Oilsands production is surging, and shale gas and light tight oil developments are reshaping the North American energy landscape. The United States, since the beginning considered Canada's number one market for energy exports, is quickly gaining strength as a producer and will surely need less of what we sell.
The energy/economic hierarchy, from Prime Minister Stephen Harper to Alberta Premier Alison Redford through to the western Canadian oil and gas leadership cadre led by David Collyer, president of the Canadian Association of Petroleum Producers, have seen the writing on the wall and decided that Canada must tap new markets for its oil and gas output. Fair enough.
But others in the industry, myself included, aren't sure how this should be accomplished. Having cut my teeth covering the Canadian oil and gas business in the dark days of the National Energy Program (fallout from that ill-advised national energy "strategy," in fact, cost me my first job), I am wary of any plan from any government to formalize and put into policy the direction of the industry. Like Darren Gee, president of Peyto Exploration & Development, or Brian McLachlan, president of Yoho Resources, I get skittish whenever governments at any level start poking about in the business of business, beyond setting the broad fiscal and regulatory parameters within which business must operate.
Oilweek readers appear to have similar views. An online poll at oilweek.com that asked the question "Do you believe Canada needs a national energy strategy?" uncovered a widespread unease with such a move, perhaps a reflection of long-held anger over the National Energy Program. More than 75 per cent of those who responded to the question answered no; a little over 18 per cent said yes, and the rest were undecided.

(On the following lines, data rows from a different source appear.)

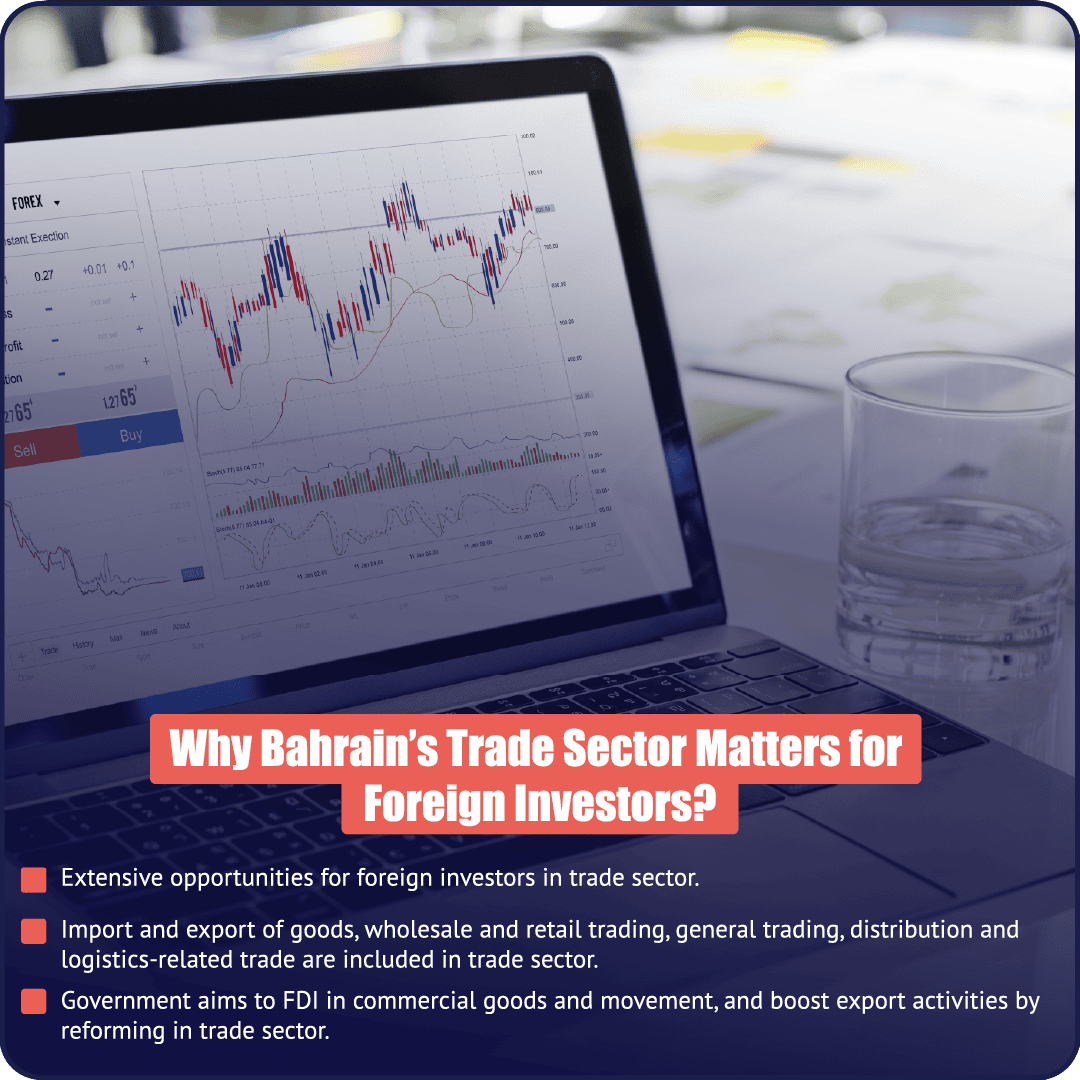 PI Startup Advisory overview of Bahrain trade sector opportunities for foreign investors using market data on a laptop.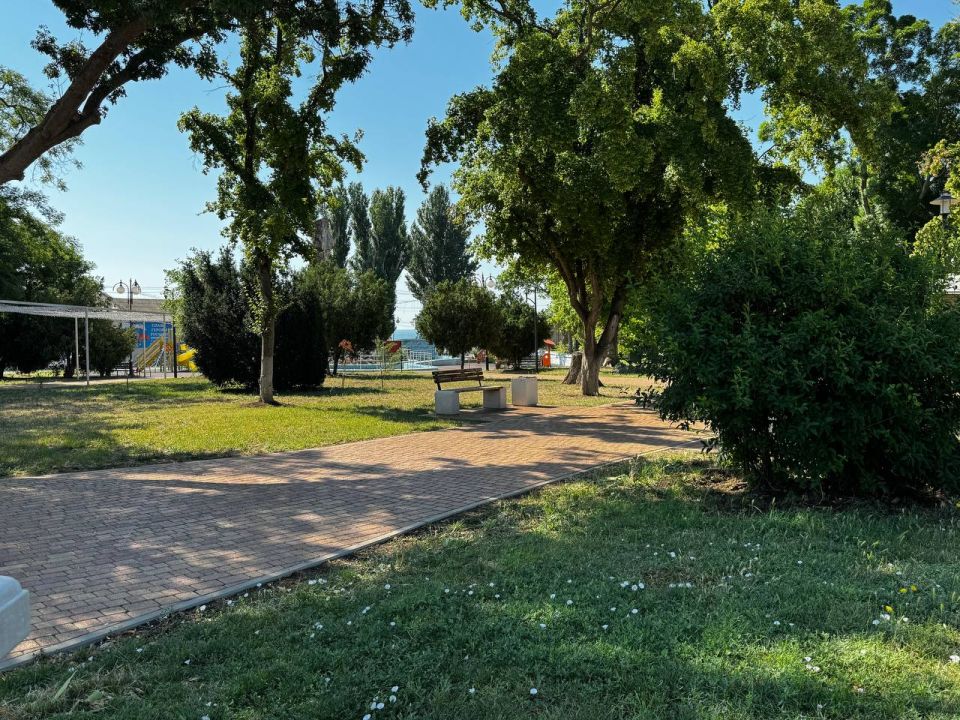 В городе ведётся ежедневная планомерная работа по покосу травы на муниципальных территориях В городе ведётся ежедневная планомерная работа по покосу травы на муниципальных территориях
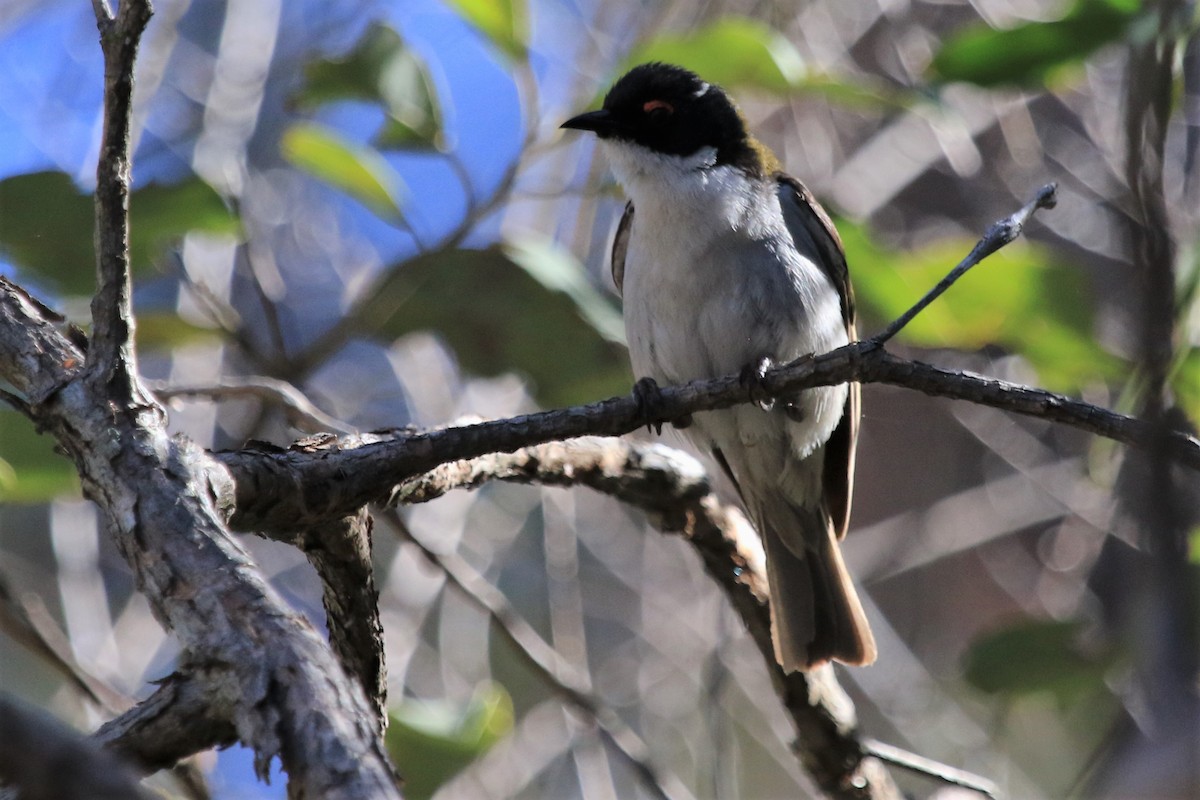 White-naped Honeyeater - ML115914021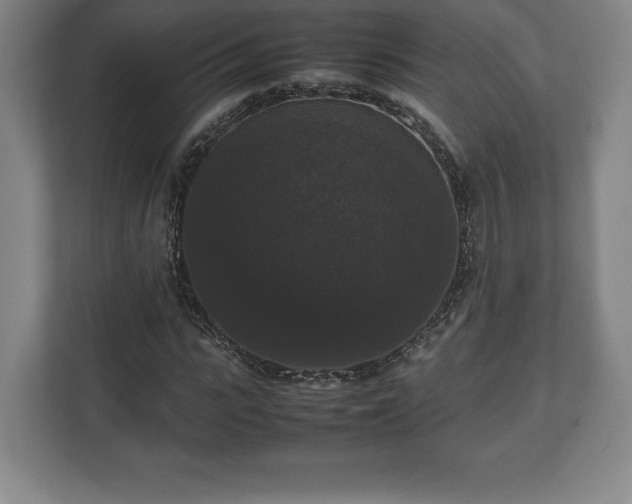 X0000112530919200908241503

I think part of the unease and the mistrust stems from the fact that as yet, nobody has outlined exactly what a national energy strategy would look like. Would it be a series of tax measures and fiscal incentives, like the NEP, designed to steer the marketing of oil and gas reserves in a certain direction? Could it be a series of guidelines, policies or regulatory fiats aimed at encouraging the sale of oil to China or liquefied natural gas to Japan over the free market movement of commodities to whichever market appears the most attractive to producers? Will it entail the creation of a "Canadian Energy Board" (reminiscent of the recently dismantled Canadian Wheat Board) mandated to sell the oil and gas commodities that Canadian producers have been free to sell on their own, without government intervention on prices or volumes, for the past 30 years?
Although I agree with Harper and Redford and Collyer that Canada needs to diversify its energy markets, I'm not convinced we need a national energy strategy to accomplish that goal. Already, market forces are at work to tap into lucrative—for now—Asian markets for crude oil and natural gas. Enbridge and Kinder Morgan each have plans to increase the flow of diluted bitumen from Alberta to the west coast, where it would be loaded on tankers and sold into Pacific Rim markets. Shell Canada recently contracted TransCanada to build its "Coastal GasLink" pipeline to Kitimat to facilitate the long-term export of liquefied natural gas to the same markets, where natural gas, still linked to crude oil, fetches a much higher price than in North America.
A much better "strategy" for governments at all levels would be to implement a structure that would smooth such export diversification efforts already being undertaken by Enbridge, Kinder Morgan and Shell Canada. We don't need new policy to make that happen, just smart and visionary politicians.